Short descriptive text snippets:
= Beginning of Section =

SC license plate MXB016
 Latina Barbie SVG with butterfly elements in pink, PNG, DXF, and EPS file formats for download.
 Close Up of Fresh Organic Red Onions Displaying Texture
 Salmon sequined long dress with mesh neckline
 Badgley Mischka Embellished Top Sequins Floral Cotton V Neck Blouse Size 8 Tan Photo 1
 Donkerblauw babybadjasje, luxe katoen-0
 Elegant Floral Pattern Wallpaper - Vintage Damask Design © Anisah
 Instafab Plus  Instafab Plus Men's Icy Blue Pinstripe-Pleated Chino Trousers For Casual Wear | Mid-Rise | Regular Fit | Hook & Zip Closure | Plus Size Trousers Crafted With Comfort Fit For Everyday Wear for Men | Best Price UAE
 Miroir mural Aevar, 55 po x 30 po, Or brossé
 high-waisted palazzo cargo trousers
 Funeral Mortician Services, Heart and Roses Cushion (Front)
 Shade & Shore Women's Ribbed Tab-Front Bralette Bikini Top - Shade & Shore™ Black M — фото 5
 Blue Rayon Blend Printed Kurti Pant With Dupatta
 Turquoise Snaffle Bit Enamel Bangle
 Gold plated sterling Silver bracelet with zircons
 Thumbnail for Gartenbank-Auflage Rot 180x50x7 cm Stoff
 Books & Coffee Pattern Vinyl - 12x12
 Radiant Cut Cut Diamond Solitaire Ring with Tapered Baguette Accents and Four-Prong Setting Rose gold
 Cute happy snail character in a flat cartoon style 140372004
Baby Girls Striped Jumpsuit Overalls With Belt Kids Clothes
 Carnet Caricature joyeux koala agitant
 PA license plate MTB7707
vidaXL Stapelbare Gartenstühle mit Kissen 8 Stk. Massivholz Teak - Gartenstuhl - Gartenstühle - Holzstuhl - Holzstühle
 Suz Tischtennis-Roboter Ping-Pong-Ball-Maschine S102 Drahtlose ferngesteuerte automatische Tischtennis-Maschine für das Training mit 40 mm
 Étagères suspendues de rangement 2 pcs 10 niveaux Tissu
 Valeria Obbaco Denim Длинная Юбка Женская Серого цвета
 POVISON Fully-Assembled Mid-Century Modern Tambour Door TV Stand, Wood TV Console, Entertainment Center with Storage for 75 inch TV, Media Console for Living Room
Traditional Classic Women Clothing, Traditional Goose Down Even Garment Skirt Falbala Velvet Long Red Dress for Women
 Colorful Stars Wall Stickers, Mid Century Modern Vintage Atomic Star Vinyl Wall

= End of Section =

### ACTIVITY
Each line from the one that contains "Suz Tischtennis-Roboter Ping-Pong-Ball-Maschine" to the end of the data should be set down exactly, both ends included.

### EXPECTED ANSWER
 Suz Tischtennis-Roboter Ping-Pong-Ball-Maschine S102 Drahtlose ferngesteuerte automatische Tischtennis-Maschine für das Training mit 40 mm
 Étagères suspendues de rangement 2 pcs 10 niveaux Tissu
 Valeria Obbaco Denim Длинная Юбка Женская Серого цвета
 POVISON Fully-Assembled Mid-Century Modern Tambour Door TV Stand, Wood TV Console, Entertainment Center with Storage for 75 inch TV, Media Console for Living Room
Traditional Classic Women Clothing, Traditional Goose Down Even Garment Skirt Falbala Velvet Long Red Dress for Women
 Colorful Stars Wall Stickers, Mid Century Modern Vintage Atomic Star Vinyl Wall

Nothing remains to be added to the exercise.